Why study Human Resources (HR)?
When you think about your career what do you want to do? Would you like to have a say-so in the strategic direction of the company? Would you like to help attract top-notch people to come work for you and/or your company? Would you like to coach people so that they become as successful as they can be? If you answered yes to any of these questions, then a career in human resources (HR) may be the right path for you.
It is important for all managers and entrepreneurs, not just those in human resource management, to have a good understanding of human resources. Managers play a key role in selecting employees, training, and motivating them, appraising them, promoting them, etc. These activities can be incredibly rewarding. Many business people have great business acumen but lack the skills necessary in HR. People who have knowledge and abilities can make the company. The founder of IBM, Thomas Watson, said, “You can get capital and erect buildings, but it takes people to build a business.” Many times, businesses fail because the people involved do not grasp the importance of HR.
When studying human resource management, it is important to understand human capital. Human capital refers to the knowledge, experience, and skills of the workforce. Human capital cannot be managed the way organizations manage products or technologies. When you study HR, you learn how to build or develop superior knowledge, skills, and experiences within the workforce that help retain and promote top performers. When you study HR, you learn that even though we are becoming more technology-driven, technology changes the nature of work itself. This digital transformation creates new jobs, but more importantly, it changes the nature of jobs, even entry-level ones. An example of this change is in the automobile industry. Rather than have humans assemble the car on the assembly line we now have robots that can assemble the car. Humans are now checking the work of robots!

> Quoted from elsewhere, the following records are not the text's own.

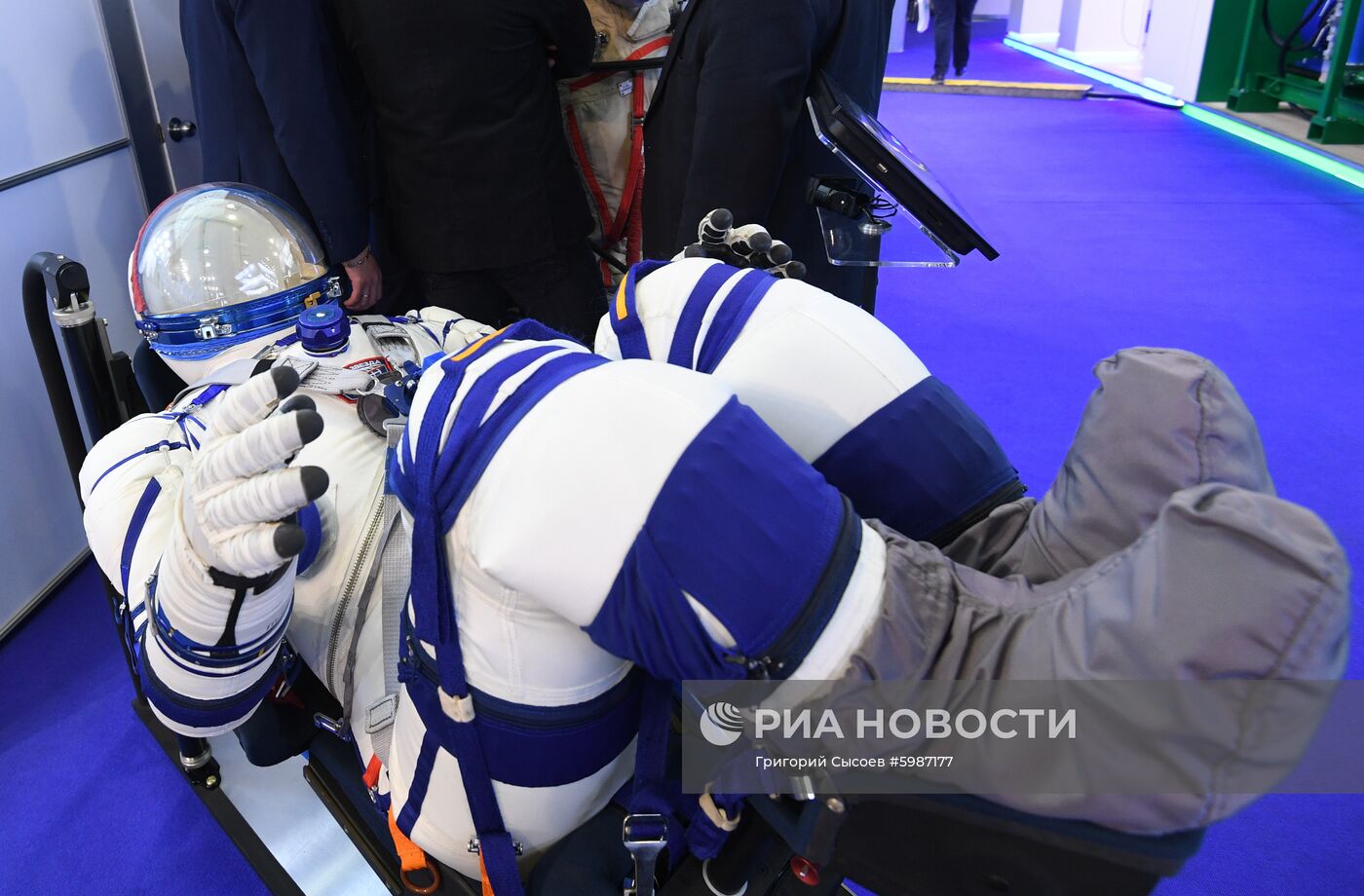 Открытие Международного авиационно-космического салона МАКС-2019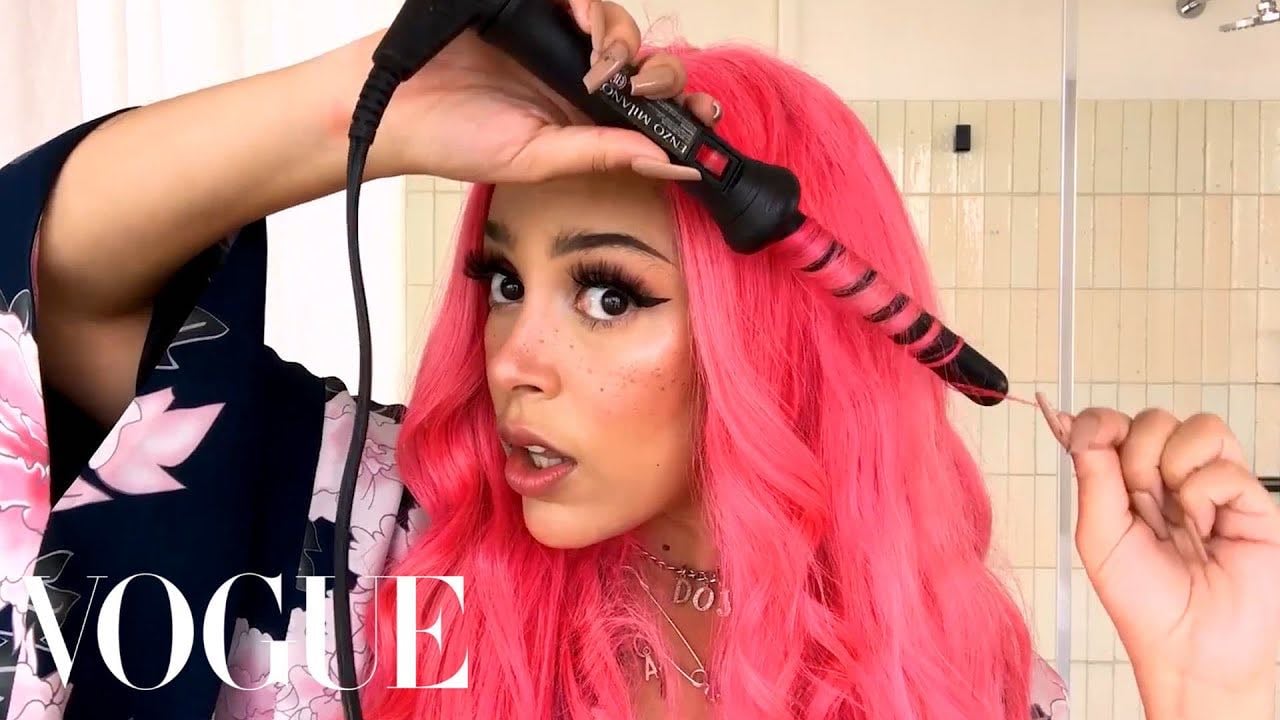 Doja Cat’s Guide to E-Girl Beauty | Beauty Secrets | Vogue - YouTube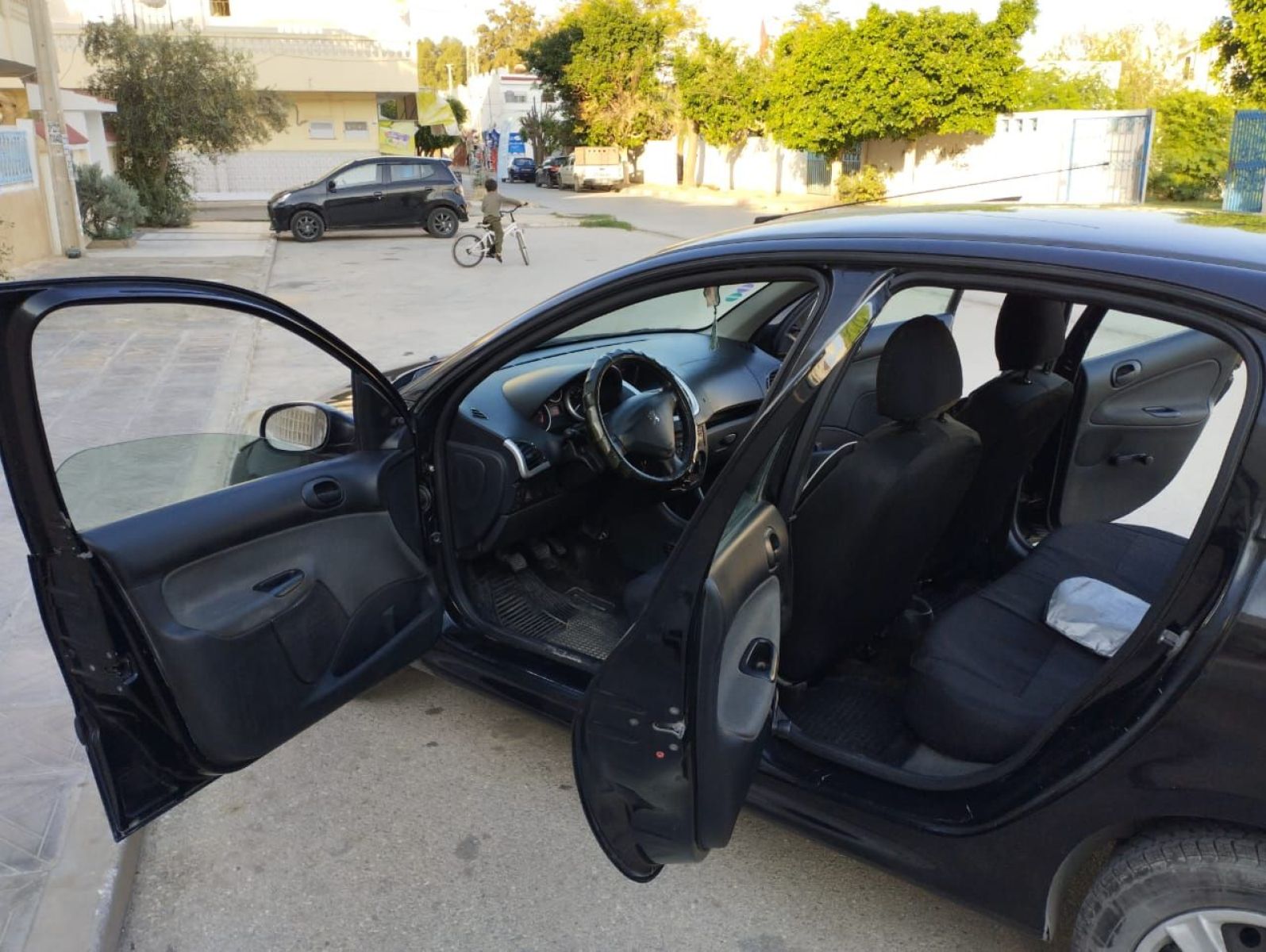 Titre non disponible à Tunisie - Photo 4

When an employee reports to their first day on the job, they meet with HR. In that meeting, HR starts to build a company culture. Company culture is important to employees because workers are more likely to enjoy work when their needs and values are consistent with their employers. If you work somewhere where the culture is a good fit, you tend to develop better relationships with coworkers and be more productive. It is in those first few days that the important things about the company are discussed with you.
Do you have a certain coffee shop that you like to go to because they remember your last order? Or perhaps a particular department store where the workers treat you special, maybe even go out of their way to help you find what you want? That is culture. Those intangible things make a company more than just a business. HR helps build organizational culture.